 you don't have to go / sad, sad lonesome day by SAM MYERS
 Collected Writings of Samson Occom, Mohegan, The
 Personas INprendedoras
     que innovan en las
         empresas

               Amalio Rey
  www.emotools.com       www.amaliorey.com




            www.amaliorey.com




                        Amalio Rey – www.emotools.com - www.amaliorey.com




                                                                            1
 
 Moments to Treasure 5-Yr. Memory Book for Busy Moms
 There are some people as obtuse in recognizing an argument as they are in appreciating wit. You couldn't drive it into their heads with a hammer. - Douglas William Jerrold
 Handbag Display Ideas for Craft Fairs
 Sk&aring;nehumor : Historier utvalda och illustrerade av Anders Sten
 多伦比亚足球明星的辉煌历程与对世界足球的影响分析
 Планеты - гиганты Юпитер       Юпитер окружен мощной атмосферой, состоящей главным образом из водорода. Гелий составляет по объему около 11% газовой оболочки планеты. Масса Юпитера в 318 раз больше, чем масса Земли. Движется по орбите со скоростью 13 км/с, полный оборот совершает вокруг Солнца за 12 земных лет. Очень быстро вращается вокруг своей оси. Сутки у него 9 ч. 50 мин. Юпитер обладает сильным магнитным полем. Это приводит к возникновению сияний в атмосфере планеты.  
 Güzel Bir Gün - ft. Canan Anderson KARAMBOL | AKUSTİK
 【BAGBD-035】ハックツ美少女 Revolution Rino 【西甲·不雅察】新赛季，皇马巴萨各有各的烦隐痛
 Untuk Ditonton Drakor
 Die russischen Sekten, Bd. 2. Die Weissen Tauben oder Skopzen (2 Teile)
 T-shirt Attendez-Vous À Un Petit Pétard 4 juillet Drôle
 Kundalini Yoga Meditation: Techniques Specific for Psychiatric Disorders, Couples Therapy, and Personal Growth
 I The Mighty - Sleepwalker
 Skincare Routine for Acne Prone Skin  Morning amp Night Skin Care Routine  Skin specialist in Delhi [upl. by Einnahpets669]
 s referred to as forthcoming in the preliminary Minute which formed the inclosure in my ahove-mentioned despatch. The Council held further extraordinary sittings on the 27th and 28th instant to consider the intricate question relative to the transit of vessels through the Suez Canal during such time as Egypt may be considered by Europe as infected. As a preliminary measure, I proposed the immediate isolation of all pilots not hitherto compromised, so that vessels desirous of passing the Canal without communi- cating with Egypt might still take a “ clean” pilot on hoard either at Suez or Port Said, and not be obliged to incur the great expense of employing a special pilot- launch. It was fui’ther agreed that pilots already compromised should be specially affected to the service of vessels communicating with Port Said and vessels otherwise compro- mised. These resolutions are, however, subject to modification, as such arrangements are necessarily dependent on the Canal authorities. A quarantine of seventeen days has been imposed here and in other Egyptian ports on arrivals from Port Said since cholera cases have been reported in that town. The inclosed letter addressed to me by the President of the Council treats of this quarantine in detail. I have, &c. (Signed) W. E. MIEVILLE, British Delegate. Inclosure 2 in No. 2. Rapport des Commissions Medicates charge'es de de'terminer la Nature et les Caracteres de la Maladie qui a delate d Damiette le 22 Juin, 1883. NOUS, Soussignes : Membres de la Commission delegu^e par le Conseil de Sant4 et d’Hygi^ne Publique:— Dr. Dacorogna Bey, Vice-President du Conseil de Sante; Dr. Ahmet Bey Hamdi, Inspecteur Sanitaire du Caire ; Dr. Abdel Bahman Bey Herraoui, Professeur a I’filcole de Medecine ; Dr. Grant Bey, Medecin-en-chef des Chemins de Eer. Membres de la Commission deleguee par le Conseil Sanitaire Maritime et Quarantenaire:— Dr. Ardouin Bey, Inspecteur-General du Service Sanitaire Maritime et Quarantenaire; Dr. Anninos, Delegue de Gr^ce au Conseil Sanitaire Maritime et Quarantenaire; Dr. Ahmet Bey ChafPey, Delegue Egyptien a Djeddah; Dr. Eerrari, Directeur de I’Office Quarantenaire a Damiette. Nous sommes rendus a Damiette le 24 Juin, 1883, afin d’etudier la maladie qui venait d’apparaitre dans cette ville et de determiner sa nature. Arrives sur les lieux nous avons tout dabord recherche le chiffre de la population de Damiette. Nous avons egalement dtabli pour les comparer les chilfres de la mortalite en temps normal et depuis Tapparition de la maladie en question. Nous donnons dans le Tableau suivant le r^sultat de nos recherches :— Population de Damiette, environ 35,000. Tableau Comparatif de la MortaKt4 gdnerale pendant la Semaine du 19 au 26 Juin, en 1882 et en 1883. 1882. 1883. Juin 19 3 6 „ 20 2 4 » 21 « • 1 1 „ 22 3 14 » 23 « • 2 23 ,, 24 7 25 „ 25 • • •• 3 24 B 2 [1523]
──────────
● **Task details**
Taking the records above as input, show every line in which the word "emotools" is present.

● **Exercise response**
  www.emotools.com       www.amaliorey.com
                        Amalio Rey – www.emotools.com - www.amaliorey.com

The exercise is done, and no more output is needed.